§ DATA UNDER STUDY
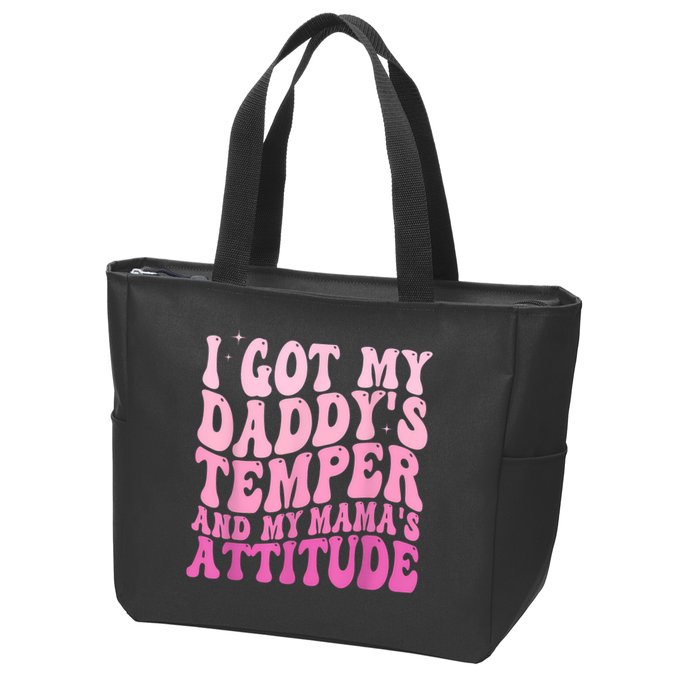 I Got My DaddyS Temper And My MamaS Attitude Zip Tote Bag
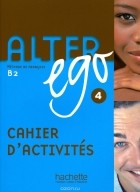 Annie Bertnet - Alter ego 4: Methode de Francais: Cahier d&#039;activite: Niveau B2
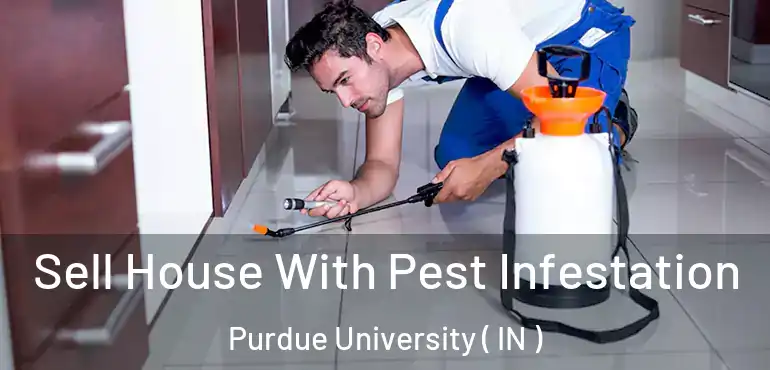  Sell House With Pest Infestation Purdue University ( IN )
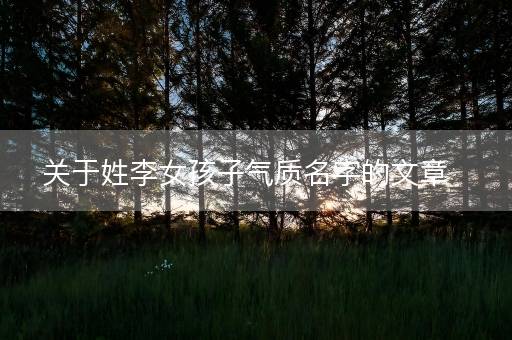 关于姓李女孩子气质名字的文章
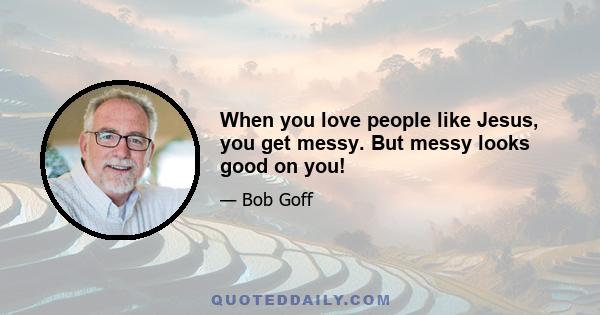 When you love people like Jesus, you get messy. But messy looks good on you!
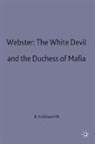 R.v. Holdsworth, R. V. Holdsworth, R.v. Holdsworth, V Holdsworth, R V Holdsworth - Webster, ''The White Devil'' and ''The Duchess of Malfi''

...

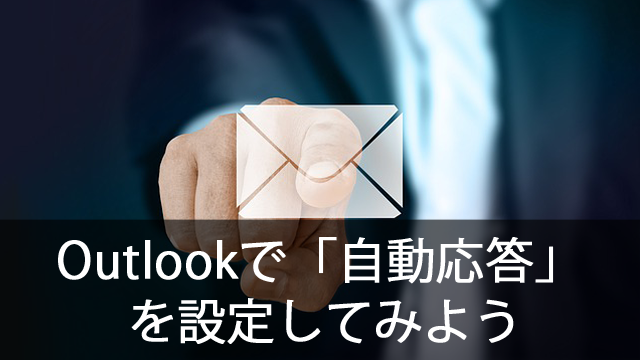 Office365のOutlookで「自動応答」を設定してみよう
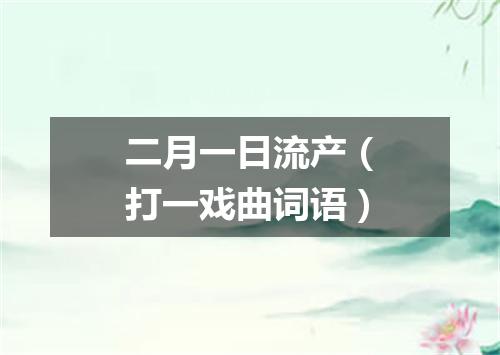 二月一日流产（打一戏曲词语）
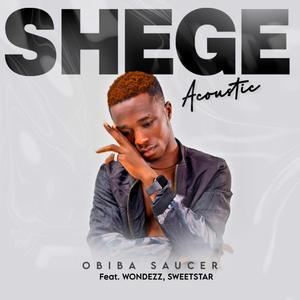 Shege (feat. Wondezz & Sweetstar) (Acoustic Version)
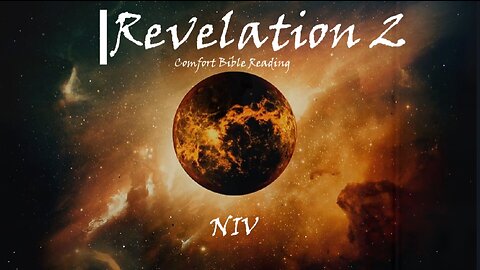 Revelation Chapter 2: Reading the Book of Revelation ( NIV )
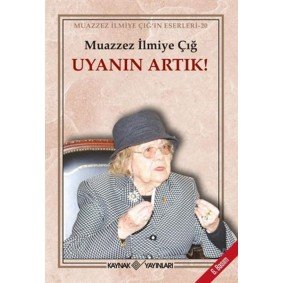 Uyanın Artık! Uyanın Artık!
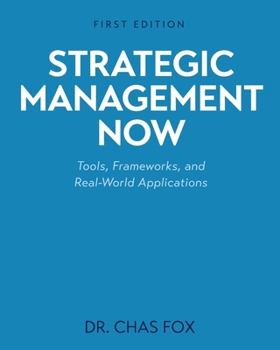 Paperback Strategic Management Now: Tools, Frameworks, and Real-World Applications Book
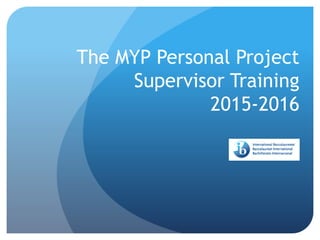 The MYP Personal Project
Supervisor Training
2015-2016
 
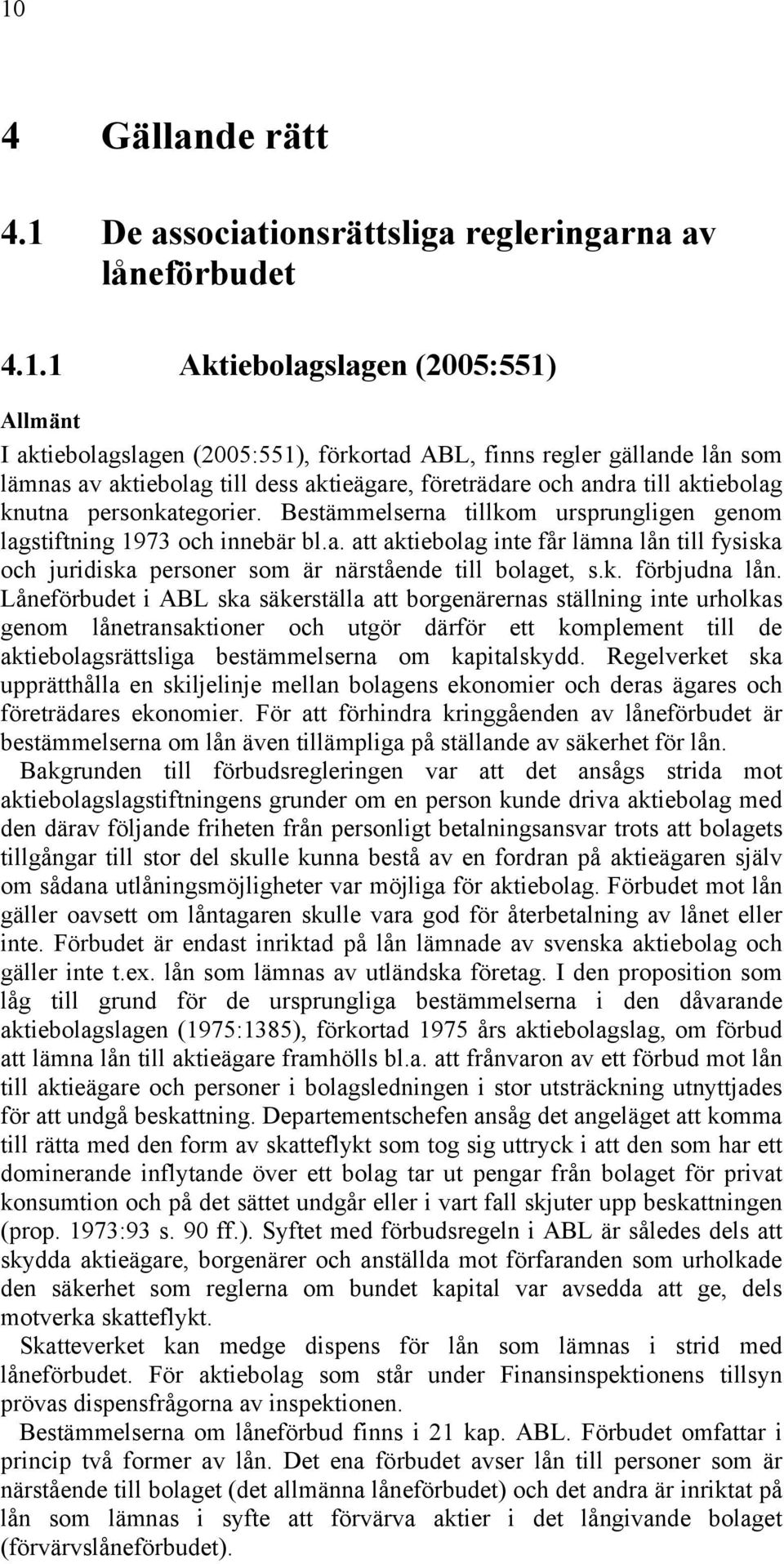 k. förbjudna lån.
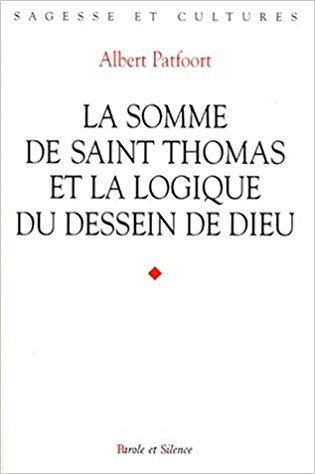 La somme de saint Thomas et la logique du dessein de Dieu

---

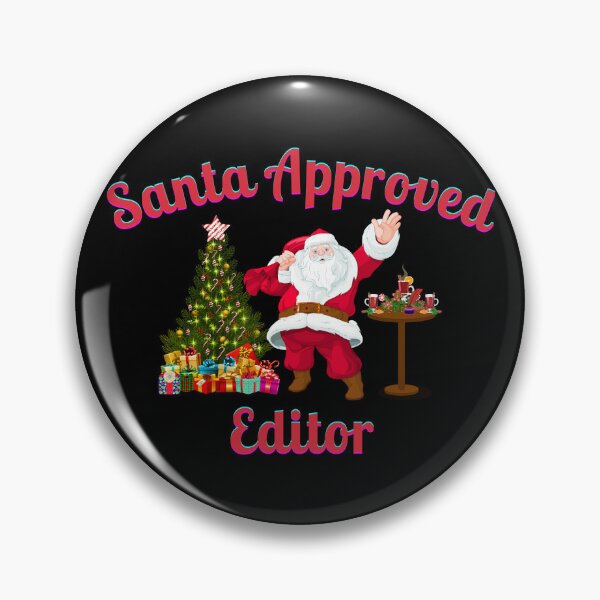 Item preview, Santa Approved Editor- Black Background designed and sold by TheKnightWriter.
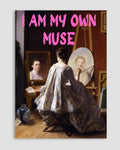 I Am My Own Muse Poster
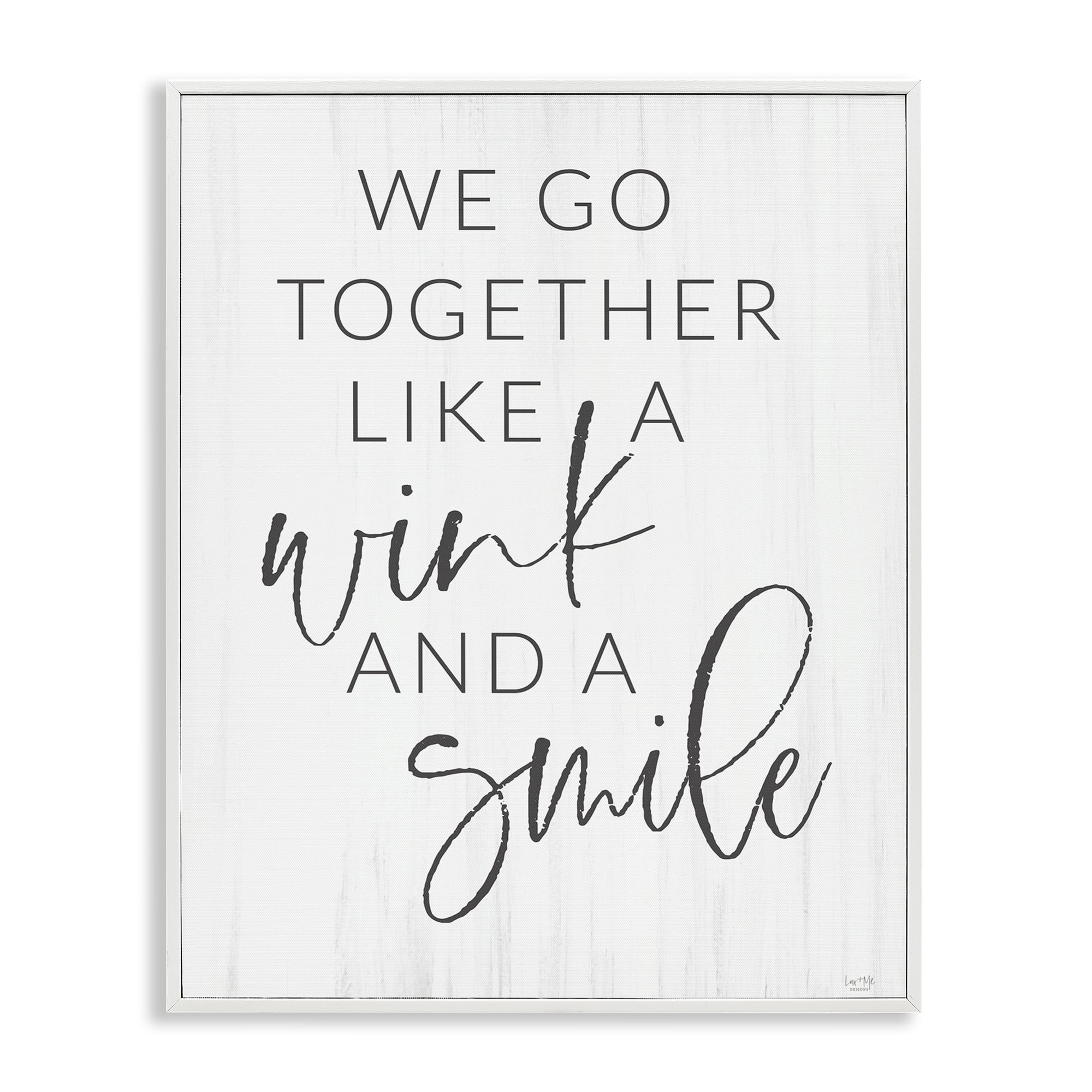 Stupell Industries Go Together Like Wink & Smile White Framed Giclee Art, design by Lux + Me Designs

§ EXERCISE DETAILS
Transcribe only this stretch of the data: the line with "I Got My DaddyS", the line with "R.v. Holdsworth, R.", and every line in between. Leave out the pictures.

§ SOLUTION
 I Got My DaddyS Temper And My MamaS Attitude Zip Tote Bag
 Annie Bertnet - Alter ego 4: Methode de Francais: Cahier d&#039;activite: Niveau B2
  Sell House With Pest Infestation Purdue University ( IN )
 关于姓李女孩子气质名字的文章
 When you love people like Jesus, you get messy. But messy looks good on you!
 R.v. Holdsworth, R. V. Holdsworth, R.v. Holdsworth, V Holdsworth, R V Holdsworth - Webster, ''The White Devil'' and ''The Duchess of Malfi''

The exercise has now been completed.